Chronische Wunden stellen eine große Herausforderung für die Gesundheitsversorgung dar. Als chronisch wird eine Wunde dann bezeichnet, wenn sie nicht innerhalb von 8 Wochen abheilt. Die Entstehung einer solcher Wunde kann vielfältige Ursachen haben und wird oft durch chronische Erkrankungen wie Diabetes mellitus oder Gefäßerkrankungen sowie ein höheres Lebensalter mit einer eingeschränkten Mobilität begünstigt.
Für betroffene Patienten*innen und ihre Angehörigen stellt dies in der Regel eine große Belastung dar. Schmerzen, Einschränkung der Mobilität, unangenehmer Geruch und Wundinfekte sind oftmals mit Scham oder auch Isolation verbunden und führen im schlimmsten Fall zu Amputationen und einem stark erhöhten Risiko, früher zu versterben.
Neben dieser starken Beeinträchtigung der Lebensqualität sind chronische Wunden mit hohen Kosten für das Gesundheitswesen verbunden. Daher ist es unbedingt notwendig, Patienten*innen möglichst früh und kontinuierlich durch Ärzte*innen und speziell ausgebildete Pflegekräfte zu versorgen. Tatsächlich dauert es im Durchschnitt in Deutschland aber 3,5 Jahre, bis ein Patient mit einer chronischen Wunde eine angemessene Therapie erhält. Das Problem der Behandlung chronischer Wunden stellt ein lang bekanntes Problem dar, so dass bereits viele Studien und Konzepte zur Verbesserung der Therapie existieren.

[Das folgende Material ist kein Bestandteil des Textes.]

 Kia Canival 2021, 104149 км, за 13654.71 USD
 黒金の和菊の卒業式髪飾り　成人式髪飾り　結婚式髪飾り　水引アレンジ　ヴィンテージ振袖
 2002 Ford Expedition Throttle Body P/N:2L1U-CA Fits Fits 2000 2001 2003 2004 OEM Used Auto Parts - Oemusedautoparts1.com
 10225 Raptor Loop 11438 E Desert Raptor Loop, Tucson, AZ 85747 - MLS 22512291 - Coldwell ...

Das Ärztenetz MuM – Medizin und Mehr eG aus Bünde hat sich dieser Thematik bereits vor Jahren angenommen und das existierende Konzept der ärztlichen sowie nicht ärztlichen Weiterbildung durch ein innovatives Projekt ergänzt, das auf Telemedizin für eine bessere Wundversorgung setzt. Ziel des Projekts SoMa WL ist es, ein telemedizinisch gestütztes Netzwerk aufzubauen, in dem ausgebildete Wundexperten*innen und Ärzte*innen ihre Expertise gezielt den Patienten*innen und den an der Versorgung Beteiligten zur Verfügung stellen. Damit kann das Netzwerk dem steigenden Bedarf einer qualifizierten Wundversorgung gerecht werden.
Im Rahmen des Projekts besuchen netzeigene Wundexperten*innen regelmäßig die Patienten*innen vor Ort und tauschen sich mit Fachärzten*innen des Ärztenetzwerks Medizin und Mehr eG sowie angebundenen Experten von Klinken über Videokonsultationen aus, um gemeinsam die bestmögliche Wundversorgung zu besprechen. Zum Einsatz kommt dabei das Videokonferenzsystem elVi® – Elektronische Visite. Das elVi-System wurde im Ärztenetz entwickelt und u.a. bereits erfolgreich im Rahmen des Projekts „Elektronische Visite im Pflegeheim“ eingesetzt, bei dem Haus- und Fachärzte*innen des Ärztenetzwerks MuM ihre Patienten*innen in den Pflegeeinrichtungen zusätzlich telemedizinisch visitieren.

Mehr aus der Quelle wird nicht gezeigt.